### About this task
Please write out the records exactly.

### Data
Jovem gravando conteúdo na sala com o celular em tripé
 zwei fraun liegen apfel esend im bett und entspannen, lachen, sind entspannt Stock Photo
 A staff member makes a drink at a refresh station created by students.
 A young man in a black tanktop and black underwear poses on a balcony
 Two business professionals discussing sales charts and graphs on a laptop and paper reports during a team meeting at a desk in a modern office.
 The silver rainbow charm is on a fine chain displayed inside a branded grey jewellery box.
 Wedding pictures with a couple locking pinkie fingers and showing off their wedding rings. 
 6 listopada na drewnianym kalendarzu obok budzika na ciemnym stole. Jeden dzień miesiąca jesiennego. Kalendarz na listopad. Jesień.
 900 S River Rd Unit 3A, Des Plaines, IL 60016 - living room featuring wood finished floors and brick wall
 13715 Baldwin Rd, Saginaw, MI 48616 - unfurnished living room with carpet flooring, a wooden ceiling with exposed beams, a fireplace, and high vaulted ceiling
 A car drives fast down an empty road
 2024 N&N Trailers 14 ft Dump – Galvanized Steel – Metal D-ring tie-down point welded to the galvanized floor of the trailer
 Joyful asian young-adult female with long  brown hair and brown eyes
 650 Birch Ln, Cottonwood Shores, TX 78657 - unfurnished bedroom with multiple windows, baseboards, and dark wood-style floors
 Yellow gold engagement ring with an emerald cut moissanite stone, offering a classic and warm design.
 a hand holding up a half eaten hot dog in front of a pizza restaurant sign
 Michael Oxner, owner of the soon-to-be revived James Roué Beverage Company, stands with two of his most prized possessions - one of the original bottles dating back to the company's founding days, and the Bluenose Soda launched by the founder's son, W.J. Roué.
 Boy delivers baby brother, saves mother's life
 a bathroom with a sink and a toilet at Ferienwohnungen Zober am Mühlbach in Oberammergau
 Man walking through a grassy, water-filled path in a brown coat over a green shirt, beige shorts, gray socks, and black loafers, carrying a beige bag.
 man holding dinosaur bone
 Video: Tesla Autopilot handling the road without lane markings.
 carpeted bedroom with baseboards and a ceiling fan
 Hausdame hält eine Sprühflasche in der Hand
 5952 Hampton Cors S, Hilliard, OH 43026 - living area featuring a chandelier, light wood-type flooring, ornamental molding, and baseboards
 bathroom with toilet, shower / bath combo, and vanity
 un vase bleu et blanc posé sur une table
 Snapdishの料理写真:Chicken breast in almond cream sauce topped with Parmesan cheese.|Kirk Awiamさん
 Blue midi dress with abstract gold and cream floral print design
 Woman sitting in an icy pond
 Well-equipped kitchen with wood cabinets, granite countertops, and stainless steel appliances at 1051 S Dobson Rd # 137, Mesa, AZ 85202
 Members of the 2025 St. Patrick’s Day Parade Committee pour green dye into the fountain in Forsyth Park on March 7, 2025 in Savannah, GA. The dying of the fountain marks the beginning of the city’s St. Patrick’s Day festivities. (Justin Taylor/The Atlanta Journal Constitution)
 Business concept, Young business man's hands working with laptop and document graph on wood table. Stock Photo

### Exercise solution
Jovem gravando conteúdo na sala com o celular em tripé
 zwei fraun liegen apfel esend im bett und entspannen, lachen, sind entspannt Stock Photo
 A staff member makes a drink at a refresh station created by students.
 A young man in a black tanktop and black underwear poses on a balcony
 Two business professionals discussing sales charts and graphs on a laptop and paper reports during a team meeting at a desk in a modern office.
 The silver rainbow charm is on a fine chain displayed inside a branded grey jewellery box.
 Wedding pictures with a couple locking pinkie fingers and showing off their wedding rings. 
 6 listopada na drewnianym kalendarzu obok budzika na ciemnym stole. Jeden dzień miesiąca jesiennego. Kalendarz na listopad. Jesień.
 900 S River Rd Unit 3A, Des Plaines, IL 60016 - living room featuring wood finished floors and brick wall
 13715 Baldwin Rd, Saginaw, MI 48616 - unfurnished living room with carpet flooring, a wooden ceiling with exposed beams, a fireplace, and high vaulted ceiling
 A car drives fast down an empty road
 2024 N&N Trailers 14 ft Dump – Galvanized Steel – Metal D-ring tie-down point welded to the galvanized floor of the trailer
 Joyful asian young-adult female with long  brown hair and brown eyes
 650 Birch Ln, Cottonwood Shores, TX 78657 - unfurnished bedroom with multiple windows, baseboards, and dark wood-style floors
 Yellow gold engagement ring with an emerald cut moissanite stone, offering a classic and warm design.
 a hand holding up a half eaten hot dog in front of a pizza restaurant sign
 Michael Oxner, owner of the soon-to-be revived James Roué Beverage Company, stands with two of his most prized possessions - one of the original bottles dating back to the company's founding days, and the Bluenose Soda launched by the founder's son, W.J. Roué.
 Boy delivers baby brother, saves mother's life
 a bathroom with a sink and a toilet at Ferienwohnungen Zober am Mühlbach in Oberammergau
 Man walking through a grassy, water-filled path in a brown coat over a green shirt, beige shorts, gray socks, and black loafers, carrying a beige bag.
 man holding dinosaur bone
 Video: Tesla Autopilot handling the road without lane markings.
 carpeted bedroom with baseboards and a ceiling fan
 Hausdame hält eine Sprühflasche in der Hand
 5952 Hampton Cors S, Hilliard, OH 43026 - living area featuring a chandelier, light wood-type flooring, ornamental molding, and baseboards
 bathroom with toilet, shower / bath combo, and vanity
 un vase bleu et blanc posé sur une table
 Snapdishの料理写真:Chicken breast in almond cream sauce topped with Parmesan cheese.|Kirk Awiamさん
 Blue midi dress with abstract gold and cream floral print design
 Woman sitting in an icy pond
 Well-equipped kitchen with wood cabinets, granite countertops, and stainless steel appliances at 1051 S Dobson Rd # 137, Mesa, AZ 85202
 Members of the 2025 St. Patrick’s Day Parade Committee pour green dye into the fountain in Forsyth Park on March 7, 2025 in Savannah, GA. The dying of the fountain marks the beginning of the city’s St. Patrick’s Day festivities. (Justin Taylor/The Atlanta Journal Constitution)
 Business concept, Young business man's hands working with laptop and document graph on wood table. Stock Photo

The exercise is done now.